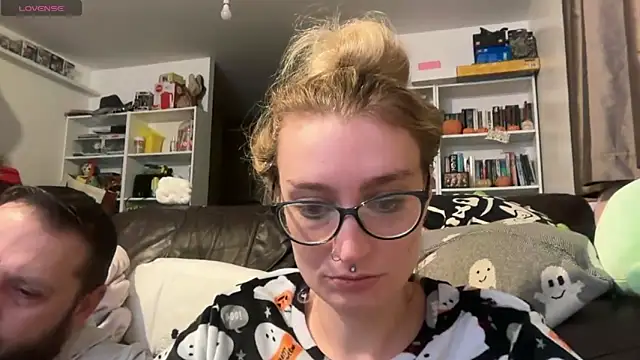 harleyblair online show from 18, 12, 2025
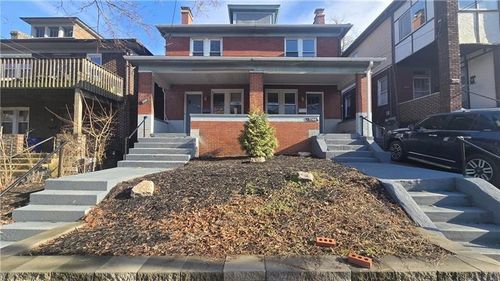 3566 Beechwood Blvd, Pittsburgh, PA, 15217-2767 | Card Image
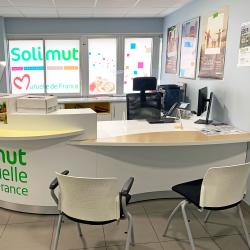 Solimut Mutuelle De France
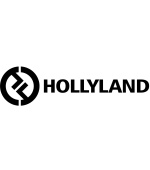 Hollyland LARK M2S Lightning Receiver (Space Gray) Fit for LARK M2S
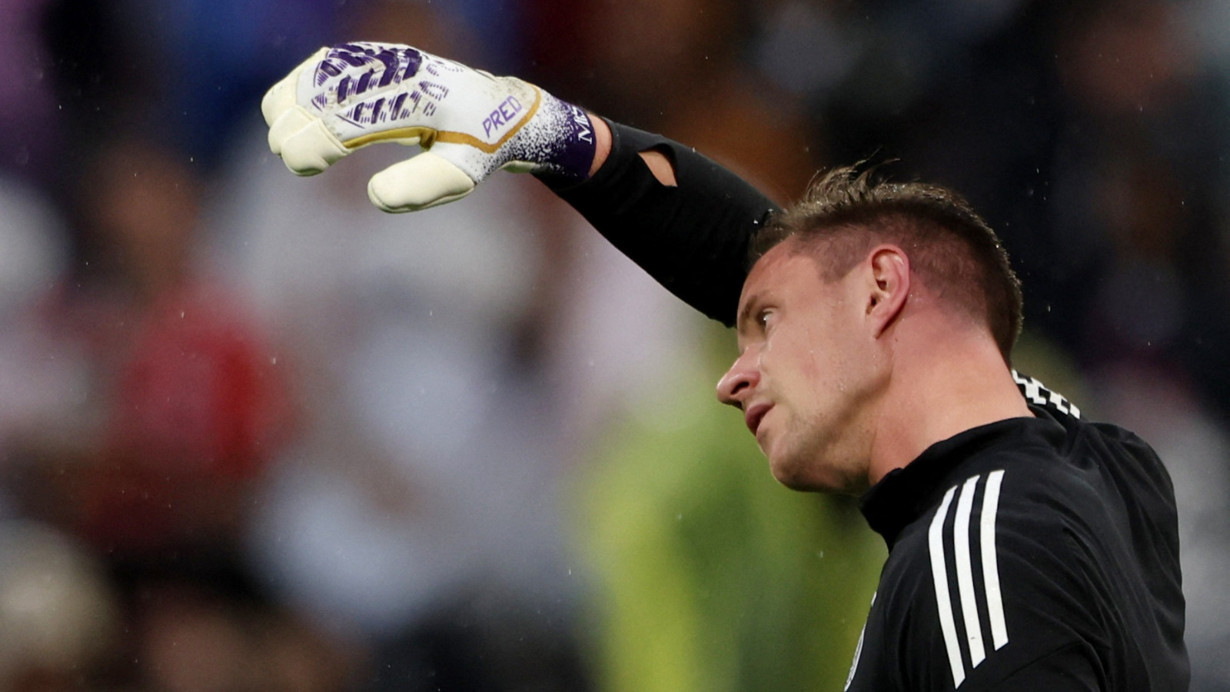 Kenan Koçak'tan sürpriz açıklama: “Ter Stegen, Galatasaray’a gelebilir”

■ What you will do: Leaving out all pictures, print exactly the lines above from the one containing "Hollyland LARK M2S" through the last line of the entries.

■ Exercise result:
 Hollyland LARK M2S Lightning Receiver (Space Gray) Fit for LARK M2S
 Kenan Koçak'tan sürpriz açıklama: “Ter Stegen, Galatasaray’a gelebilir”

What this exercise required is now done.